El ministro de Industria y Energía Jorge Lepra le informó ayer a LA REPUBLICA que la próxima semana quedarán instalados los grupos de trabajo con participación de cuatro Ministerios: Economía y Finanzas, Relaciones Exteriores, Ganadería y Agricultura y el propio Ministerio de Industrias y Energía. Lepra informó que la semana pasada ya se realizó la primera reunión conjunta a nivel ministerial y actualmente se están completando los grupos y nominando sus integrantes. Fuentes gubernamentales informaron ayer a LA REPUBLICA que el borrador que circula a nivel ministerial contiene un diseño de organización de la negociación que prevé dos niveles vinculantes: un grupo de responsabilidad técnico política comandado por el ministro Jorge Lepra e integrado por Fernando Lorenzo, jefe de la coordinación técnica macroeconómica del Ministerio de Economía y Finanzas y el embajador uruguayo en EEUU, Carlos Gianelli. En otro nivel con amplias intersecciones los grupos técnicos interactuaran con representantes de la sociedad civil, empresarios, trabajadores y fuerzas vivas interesadas en el acuerdo. Efectivamente, tal cual había adelantado LA REPUBLICA (…) , el formato corriente de un acuerdo de Libre Comercio determina los temas y define las áreas de negociación con las cuales se corresponde la integración de los grupos a los cuales aludió Lepra.

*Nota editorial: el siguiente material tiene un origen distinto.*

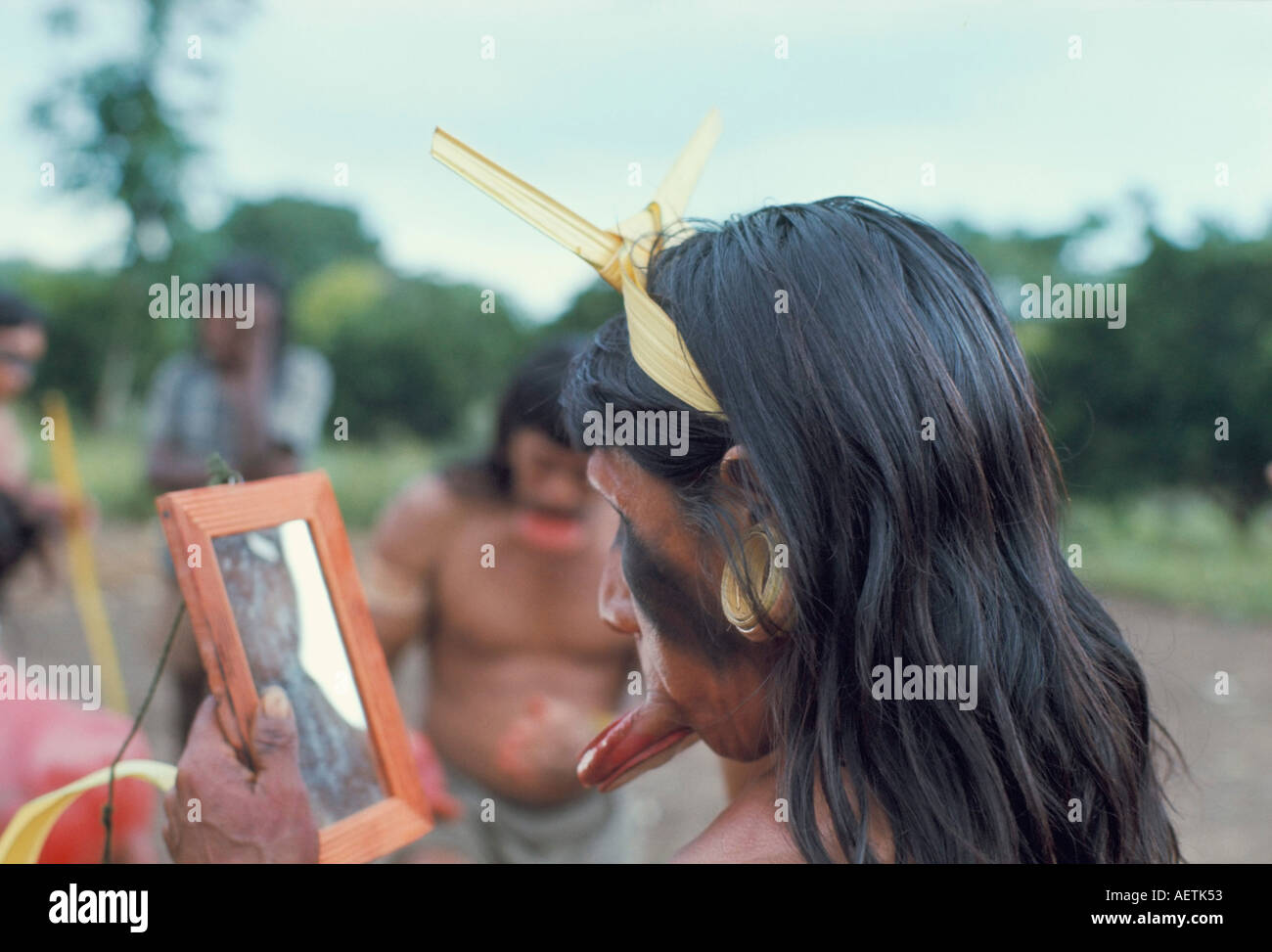 Suya Indian admiring lip disk in mirror Brazil South America Stock Photo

La decisión se corresponde con la necesidad de utilizar el breve tiempo disponible que dispone Uruguay para negociar un acuerdo comercial que, probablemente, adoptará el formato similar al que tiene Chile, o el que actualmente intentan internalizar con ritmos y suerte diferente Guatemala, El Salvador, Honduras, Costa Rica y Nicaragua, grupo al cual se agregaría la República Dominicana. El mismo formato ha sido el utilizado en el Tratado cerrado en febrero pasado por Colombia, Perú y Ecuador. Estos tratados no presentan diferencias formales pero, todos, integran singularidades de todo tipo en el tratamiento comercial específico; este formato conforma una compleja urdimbre vinculante en rubros delicados como las que atañen al comercio específico: accesos de mercado, comercio de bienes y servicios, normas de origen, etcétera, con otros más «estructurales» vinculados al tratamiento de las inversiones, los regímenes de compras gubernamentales, armonización tributaria, regulación sanitaria y fitosanitaria, propiedad intelectual, regímenes de competencia, entre otros, incluyendo normas que regulan el tránsito y permanencia de personas. Estos tratados no afectan ni condicionan la política internacional de los países pero imponen obligaciones fuertes a la interna de países que desde realidades y aspiraciones diferentes deciden celebrar contratos de largo plazo para mejorar sus intercambios comerciales y propiciar la radicación de inversiones.

 

Una sola posibilidad

En estos días han venido explicándose las características de ese «acuerdo comercial» que el país ha decidido negociar formalmente. Estados Unidos, embarcado en una expansión de su apertura comercial como jamás imaginó en su historia tiene impedimentos jurídicos que le impiden firmar acuerdos comerciales sustentables en el tiempo, sin que estos estén encuadrados en formatos legales con intervención fuerte del Congreso en una delicada representación entre el interés ciudadano y los fuertes intereses corporativos. No hay acuerdos de «última generación» que permitan atajos o contratos pasibles de ser revocables sin la fortaleza de una norma legal, en tanto, ese el formato que ha aceptado Uruguay. Ayer, un negociador especializado en comercio exterior que participara en el frustrado intento de iniciar un acuerdo similar en el primer año de la presidencia de Batlle, le confiaba a LA REPUBLICA: «No hay otro formato y ahora depende de la capacidad y la amplitud del gobierno que, efectivamente esa oportunidad sea utilizada para que Uruguay firme un acuerdo que no pudimos implementar con Batlle y que no sea un mero tratado de adhesión. Es una gran oportunidad, inimaginable para mi  finalizaba el profesional- y ojalá la aprovechen».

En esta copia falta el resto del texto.